1.2 What is control theory? - an initial discussion
Many areas of study are fortunate in that their titles trigger an immediate image of their scope and content. For instance, the names "human anatomy', 'veterinary medicine', 'aeronautical engineering' and 'ancient history' all conjure up coherent visions of well-defined subjects. This is not so for control theory although almost everyone is interested in control in the sense of being able to achieve defined objectives within some time frame. Rather specific examples occur in the named professions of ‘financial controller' and 'production controller'.
Fig.5 The three elements needed for successful control design
Control theory applies to everyday situations, as in the examples given above, just as well as it applies to the more exotic task of maneuvering space vehicles. In fact, the concepts of control theory are simple and application-independent. The universality of control theory means that it is best considered as applied to an abstract situation that contains only the topological core possessed by all situations that need to be controlled. Such an abstract situation is called a system.
The argument is that if we know how to control a highly general situation called a system then we shall be able to control any and every particular situation. This is the viewpoint of control theory and it is this viewpoint that gives it its extraordinary power.
Thus any situation, delineated from its environment for study, is called a system. When control theory wishes to study temperature regulation in the human body, it concerns itself with a system involving blood circulation, heat generation and heat loss mechanisms and decision-making by the brain. Systems can usefully be defined in almost any discipline they are not confined to science or engineering.
Control theory concerns itself with means by which to alter the future behaviour of systems. For control theory to be successfully applied, there needs to be available:
A purpose or objective that is linked with the future state of the system. (Clearly the past cannot be influenced nor, since no response can take place in any system in zero time, can the present.)
The objective of any control system in every case is connected with the performance of the system over some period of time – the accountant and the industrial manager want to see long periods of smooth and profitable operation.

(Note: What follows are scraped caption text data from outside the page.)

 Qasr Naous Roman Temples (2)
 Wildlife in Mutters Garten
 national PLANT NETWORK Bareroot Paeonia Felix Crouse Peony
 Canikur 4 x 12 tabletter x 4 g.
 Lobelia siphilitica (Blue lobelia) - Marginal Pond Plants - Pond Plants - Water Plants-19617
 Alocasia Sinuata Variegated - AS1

Sometimes this leads to conflicting requirements, in the sense that short term objectives are frequently in direct opposition to long term objectives. In general terms this objective can be considered to be the desired behaviour of the system.

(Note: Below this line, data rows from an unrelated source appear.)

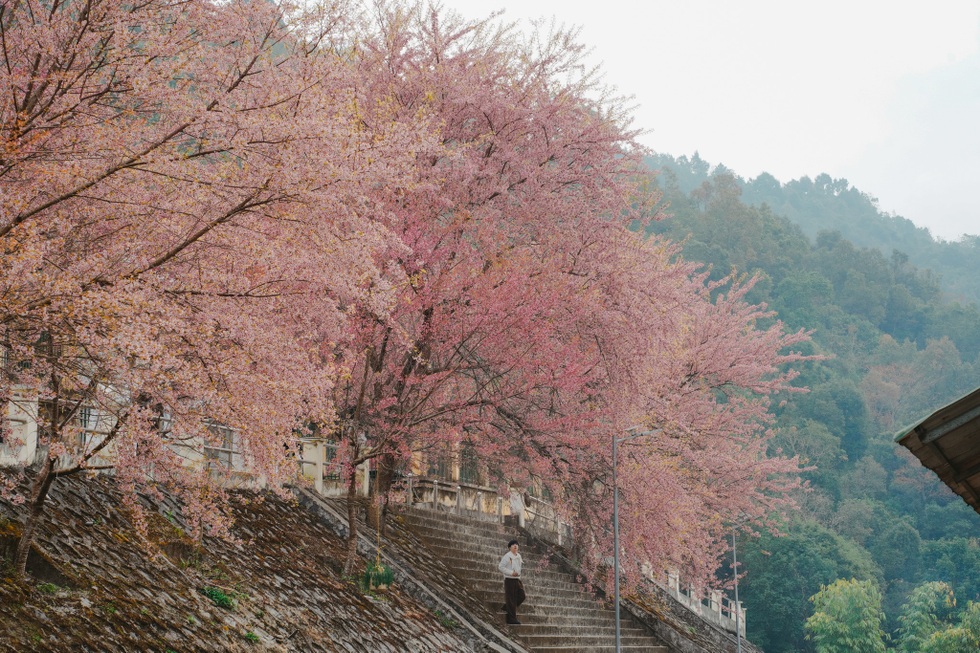 300万ドンをかけてハザン省の花見に出かけた観光客は、まるで日本に迷い込んだかのような気分になる - 7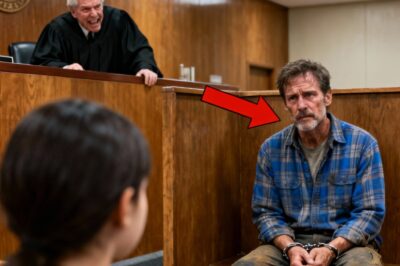 ” The Judge Asked The Single Dad’s Call Sign as a Joke — Then ‘Shadow Hawk’ Ended His Career”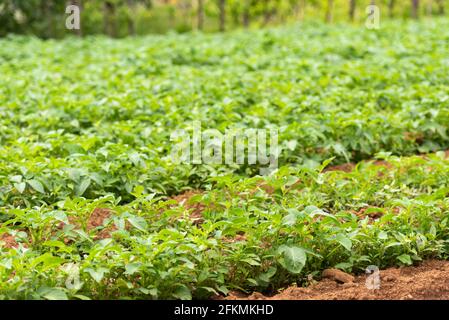 New potatoes in May in Italy. Young potatoes on the beds grow after hoeing. Stock Photo
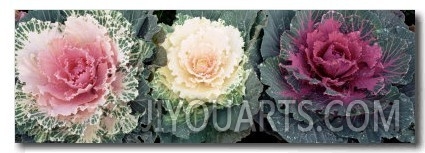 Cabbage Flowers, North Carolina, USA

(2) A set of possible actions that offers an element of choice. (If no variation of actions is possible, control cannot be exercised and the system will follow a course that cannot be modified.)
(3) (Unless a trial and error strategy is to be adopted) some means of choosing the correct actions (ii) that will result in the desired behaviour (i) being produced.

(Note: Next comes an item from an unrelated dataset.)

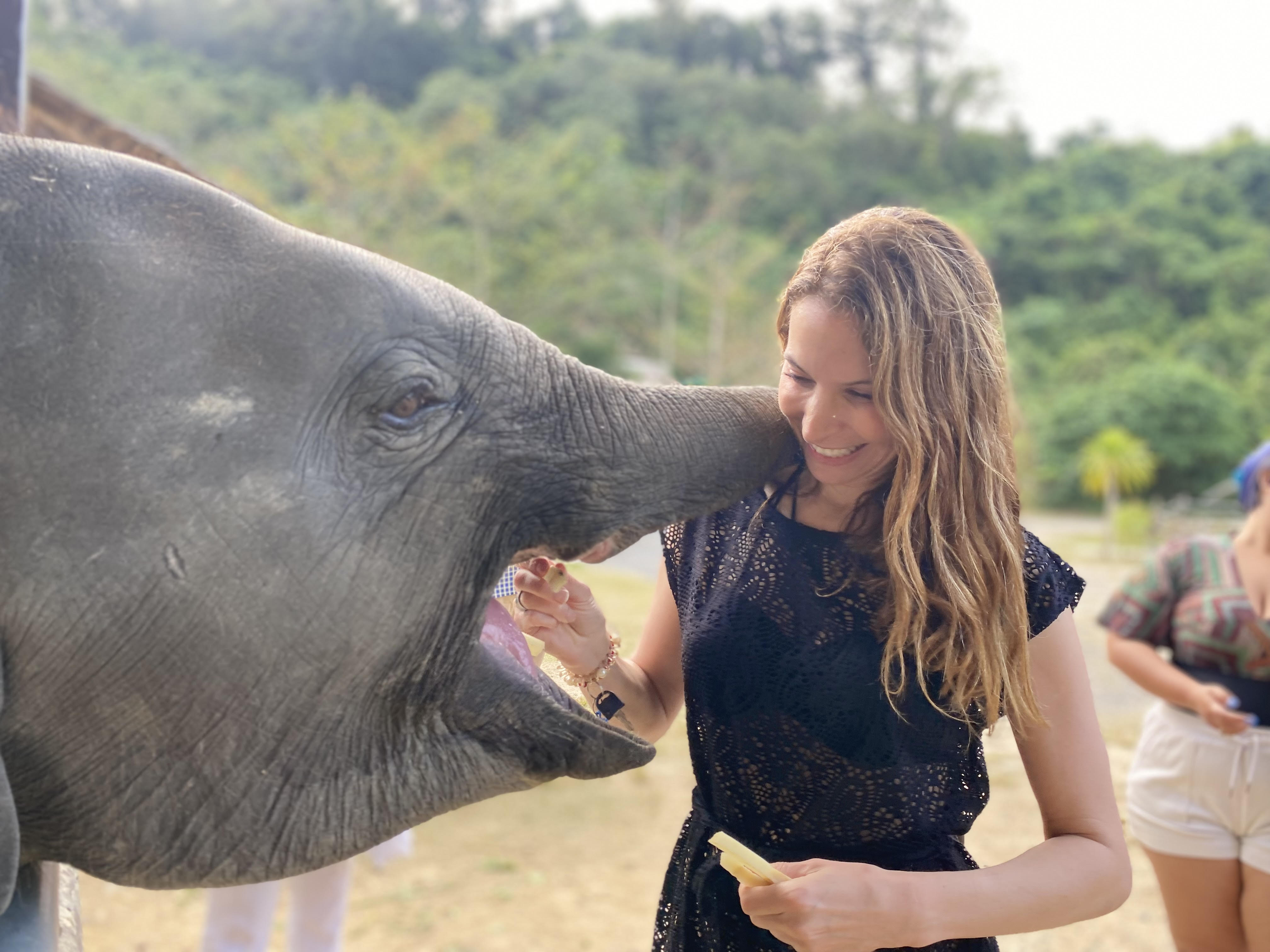 Young woman smiling with an elephant, holding a piece of food outdoors, green trees in background.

In general terms, this requirement is met by a model capable of predicting the effect of control actions on the system state. Such a model may be implicit and not even recognized as a model or it may consist of a large and complex set of equations.
For the accountant, the model is a balance sheet together with inherited wisdom. For the military commander, the model is a map of local terrain and a knowledge of the types and deployments of men and equipment. For the control of quantities that can be measured by sensors, mathematical models in the form of stored curves or sets of equations will usually be used.
We see then that to achieve successful control we must have a defined objective and be able to predict adequately, over some sufficient time scale, all the outcomes of all the actions that are open to us. For instance, a national power station building program can only be planned once predictions of the future demand for electricity are available. Figure 5 summarizes the three requirements needed for successful control.
A major problem in control using a long term horizon is uncertainty of the long term accuracy of models, compounded by the likelihood of unforeseen events. That is to say, the possibility must be faced that, once uncertainty rises above a particular level, no meaningful control can be implemented and that policies that look ahead to anticipate future contingencies may call for immediate sacrifices that will never be repaid by the creation of more favourable future environments.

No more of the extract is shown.